The foundation of Toron des Chevaliers between 1137 and 1141 is attributed by the Chronica Aldephonsi imperatoris to Rodrigo Gonzalez, count of Toledo, who was apparently serving with the Templars at the time. Like the castles of Ibelin, Blanchegarde, and Bethegibelin, its purpose was to protect the southern parts of the kingdom of Jerusalem from Muslim raiding from Ascalon, and to serve as a nucleus for Frankish settlement. In 1169-1171, the Jewish traveler Benjamin of Tudela refers to it in Spanish as Toron de los Caballeros (Tower of the Knights).
Archaeological remains confirm that this name, from which the Arabic name Latrun was subsequently derived, referred to a large tower, or donjon, that stood at the center of the castle, within a rectangular enclosure filled with vaulted buildings, including a chapel. Enclosing this was a larger polygonal enceinte, containing stables and other buildings.

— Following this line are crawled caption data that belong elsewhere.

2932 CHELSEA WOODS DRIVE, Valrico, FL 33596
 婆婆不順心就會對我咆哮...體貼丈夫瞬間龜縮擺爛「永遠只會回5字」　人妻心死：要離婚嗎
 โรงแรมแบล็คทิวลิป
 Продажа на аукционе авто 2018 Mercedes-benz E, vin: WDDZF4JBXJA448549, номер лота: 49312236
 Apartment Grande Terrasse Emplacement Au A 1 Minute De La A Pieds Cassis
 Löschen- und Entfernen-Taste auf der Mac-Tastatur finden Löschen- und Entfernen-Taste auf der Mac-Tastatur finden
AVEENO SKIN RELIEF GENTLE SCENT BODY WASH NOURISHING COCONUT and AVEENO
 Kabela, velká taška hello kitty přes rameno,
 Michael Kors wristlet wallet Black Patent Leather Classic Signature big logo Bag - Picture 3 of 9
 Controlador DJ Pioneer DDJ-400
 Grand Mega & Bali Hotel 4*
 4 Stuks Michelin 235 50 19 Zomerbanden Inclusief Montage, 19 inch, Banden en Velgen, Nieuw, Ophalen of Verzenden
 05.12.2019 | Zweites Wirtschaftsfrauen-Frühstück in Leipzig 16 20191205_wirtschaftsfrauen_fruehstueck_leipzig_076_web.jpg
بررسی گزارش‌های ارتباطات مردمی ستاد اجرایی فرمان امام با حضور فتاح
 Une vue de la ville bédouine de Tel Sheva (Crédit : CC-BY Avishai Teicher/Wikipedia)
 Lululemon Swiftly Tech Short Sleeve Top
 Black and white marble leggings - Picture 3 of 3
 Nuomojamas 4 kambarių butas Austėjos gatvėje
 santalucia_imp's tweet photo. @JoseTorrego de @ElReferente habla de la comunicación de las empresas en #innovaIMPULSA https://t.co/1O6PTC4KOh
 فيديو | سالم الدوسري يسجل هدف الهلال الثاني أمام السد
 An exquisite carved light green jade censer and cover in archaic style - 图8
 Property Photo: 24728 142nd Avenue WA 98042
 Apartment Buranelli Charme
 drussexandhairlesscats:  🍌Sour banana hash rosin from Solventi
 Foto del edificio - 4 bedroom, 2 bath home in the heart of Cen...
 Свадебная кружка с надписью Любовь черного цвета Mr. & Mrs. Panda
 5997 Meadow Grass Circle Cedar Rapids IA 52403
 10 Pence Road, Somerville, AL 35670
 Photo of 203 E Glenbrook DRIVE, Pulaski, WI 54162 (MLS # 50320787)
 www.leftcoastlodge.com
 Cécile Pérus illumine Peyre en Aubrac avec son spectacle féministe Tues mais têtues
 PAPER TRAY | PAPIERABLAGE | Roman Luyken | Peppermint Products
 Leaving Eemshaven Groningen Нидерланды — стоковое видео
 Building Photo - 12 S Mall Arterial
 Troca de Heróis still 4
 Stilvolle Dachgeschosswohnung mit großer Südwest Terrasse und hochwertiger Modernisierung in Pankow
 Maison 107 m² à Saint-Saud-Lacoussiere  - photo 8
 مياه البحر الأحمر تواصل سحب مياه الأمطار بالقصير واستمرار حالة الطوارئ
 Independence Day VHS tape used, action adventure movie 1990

It seems likely that the Templars held an extensive estate in the area, including ‘Amwas (Lat. Emmaus) and Chastel Hernaut (Lat. Castellum Arnaldi), though information about it is sparse. They surrendered Toron and Gaza to the Ayyûbid prince al-‘Ādil in September 1187 in return for the release of their master, Gerard of Ridefort, and in December 1191 Saladin ordered its destruction. Although it was returned to the Christians between 1229 and 1244, there is no evidence that the order ever rebuilt it.